But Addie; I would have not understood the joy of living on that farm in my youth.  I was far too busy creating adrenaline rushes with my freinds.  We were a lively bunch.  But now, I truly wish I lived in such a place, with a great garden, and an outdoor stove with which to can and preserve foods, make syrup, etc.  I try to grow a garden every year, with mixed results.  I really need to start a red-worm bin to make use of kitchen scraps and left over foods, so as to add the nutrient rich worm casings to my garden.  But alas, my DW doesn't trust the concept, thinking the worm box would be smelly.  I have assured her that all of the research I've done says otherwise.  and using graywater for the garden used to be a regular thing to do.  The phosphates in the soaps did wonderful things for the gardens.  But soaps are often phosphate free now, so as to reduce the amount of phosphates flowing into ocean estuaries, and reduce algae blooms that can rob the water of oxygen and disrupt that natural food chain.  Even inland, those same phosphates can damage streams and rivers, when the farmland or gardens are too close to waterways, and where run-off can occur.

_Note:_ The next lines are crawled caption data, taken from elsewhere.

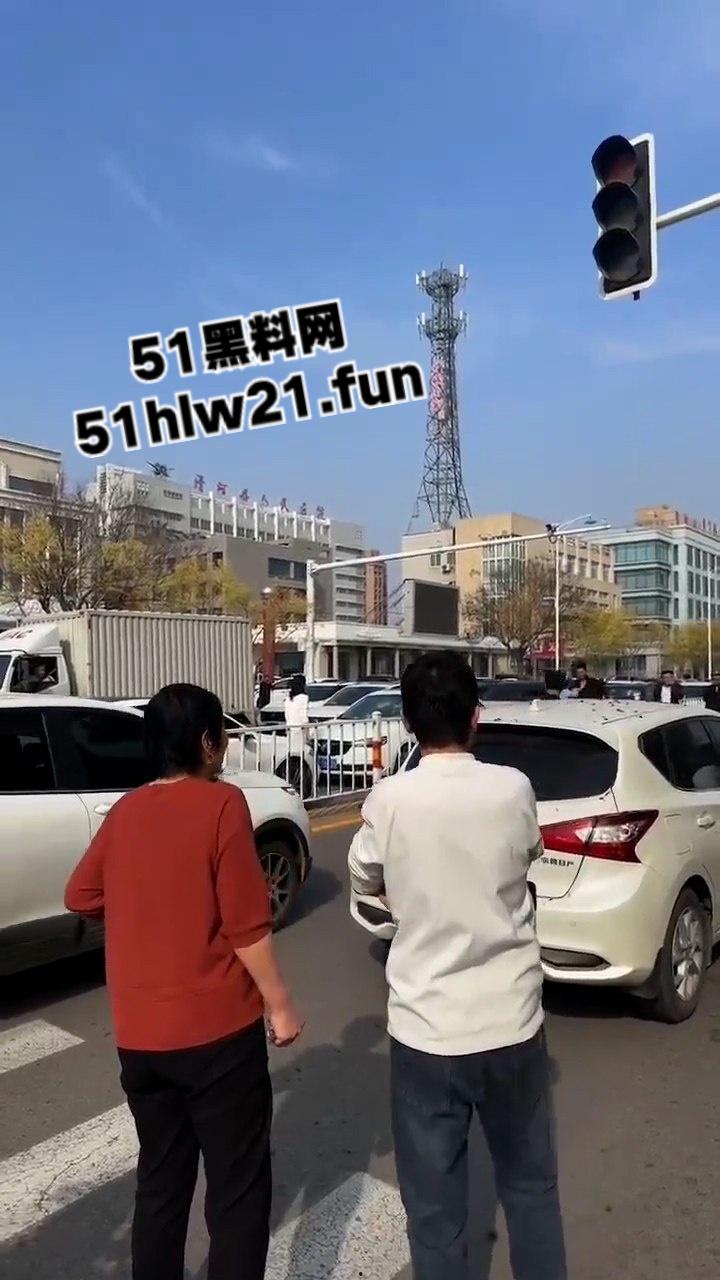 河北邢台爆发妻妾大战,原配怒砸小三车,楚楚可怜的小三被砸碎车玻璃大露骚脸! 第7张 河北邢台爆发妻妾大战,原配怒砸小三车,楚楚可怜的小三被砸碎车玻璃大露骚脸! 第7张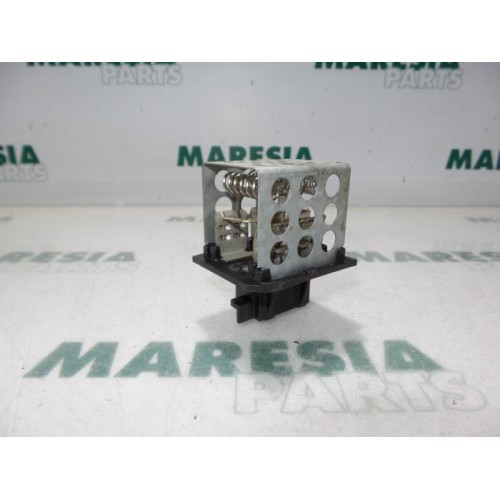 Peugeot - 206 - Heater resistor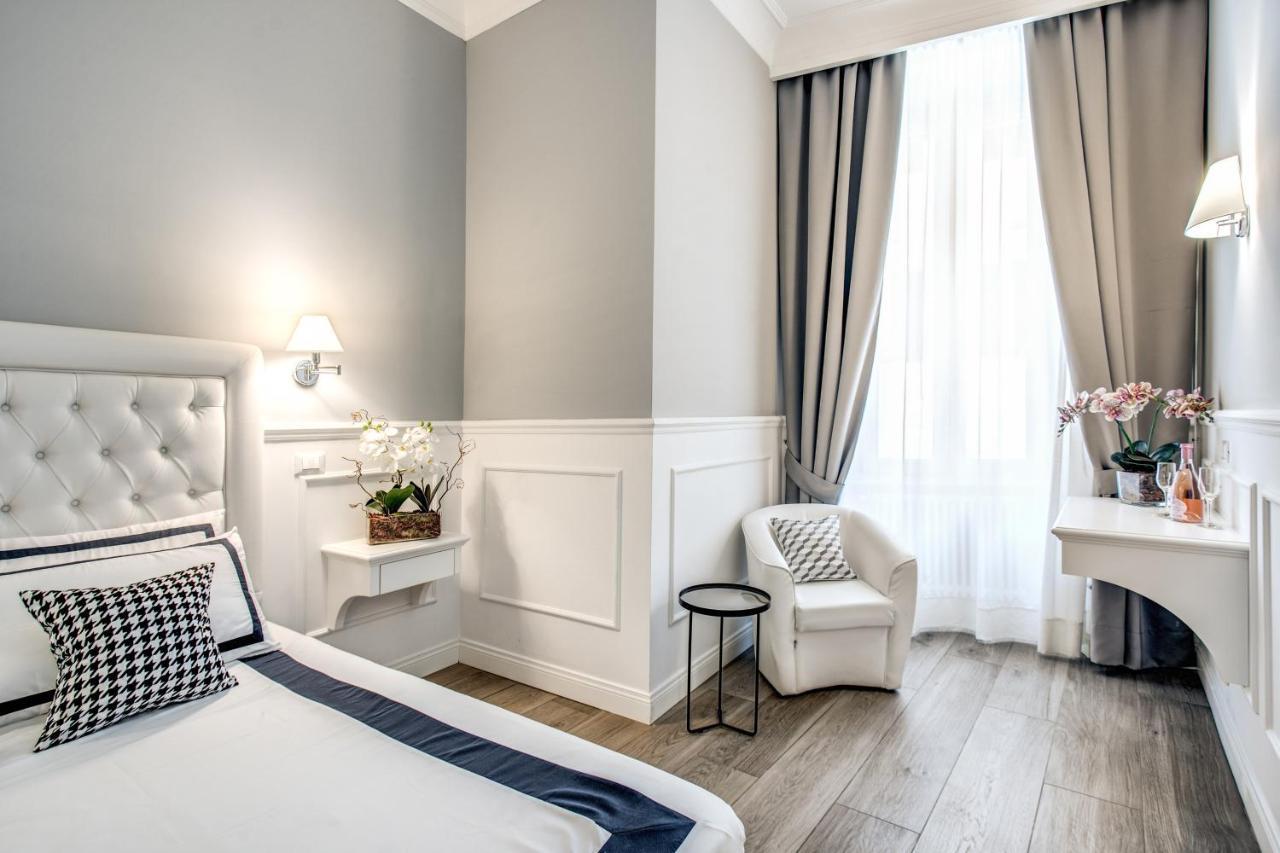 Guest house Piazza Di Spagna Just For Us 3*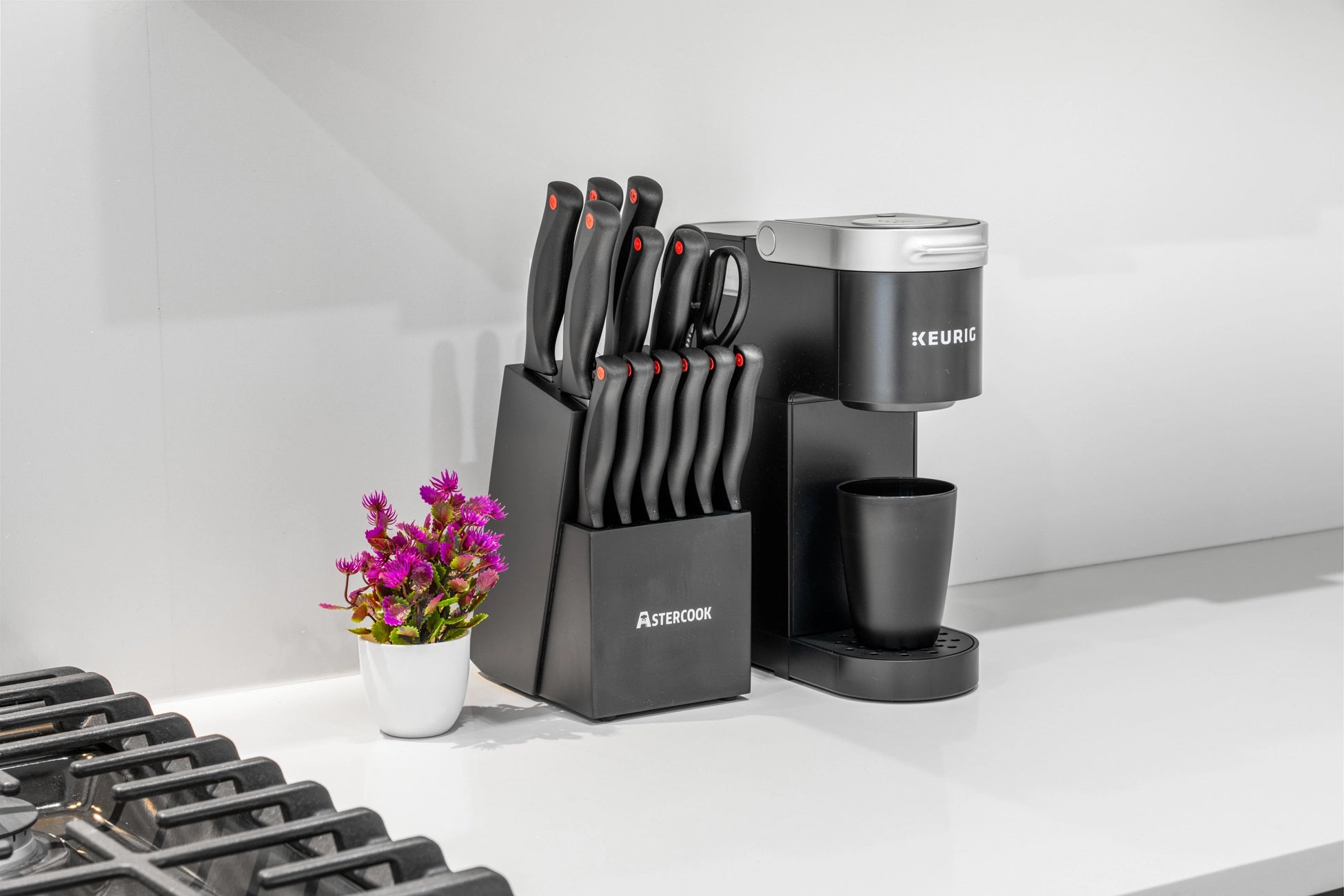 Airbnb Photography: Bright & Contemporary Rental in Jersey City, NJ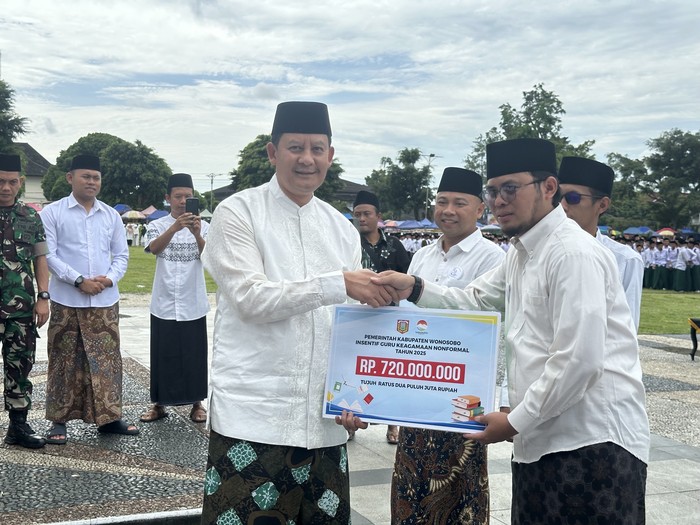 Peringatan Hari Santri Nasional 2025 di Wonosobo berlangsung meriah dan khidmat di Alun-alun Wonosobo, Rabu (22/10). Momentum satu dekade Hari Santri ini menjadi ajang refleksi peran santri sebagai penjaga moral bangsa sekaligus penggerak kemajuan peradaban.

Oh this world is a complex place.  I guess I should be happy picking cowslips, berries, wild peas, leaks, cat-tails, and other foods that grow naturally in our forest lands and fields.  Oh, wait.  You have to have a permit for that in Michigan, even to pick wild mushrooms or blueberries from your own land, unless, of course the plants are not wild.

I sometimes wish I could go back about 500 years.  but i'd want my compound bow and some trusty carbon fiber arrows with me, and maybe a really good folding knife.  Oh, and a good dirt bike wouldn't hurt either.

Seeeeeeya; Chief Longwind of the North


----------



## Addie (Mar 6, 2012)

There is something magical about living on a farm. It was the happiest time of my life. I hated leaving there. The lessons learned there have stayed with me for the rest of my life. And like my mother, I have passed them on down to my children. Whether they realize it or not. You don't need a license in this state to go 'picking.' But you can't sell what you pick. We have blueberry bushes growing along side of the road. They are wild and BIG! So much flavor. I wish I could go picking now.


----------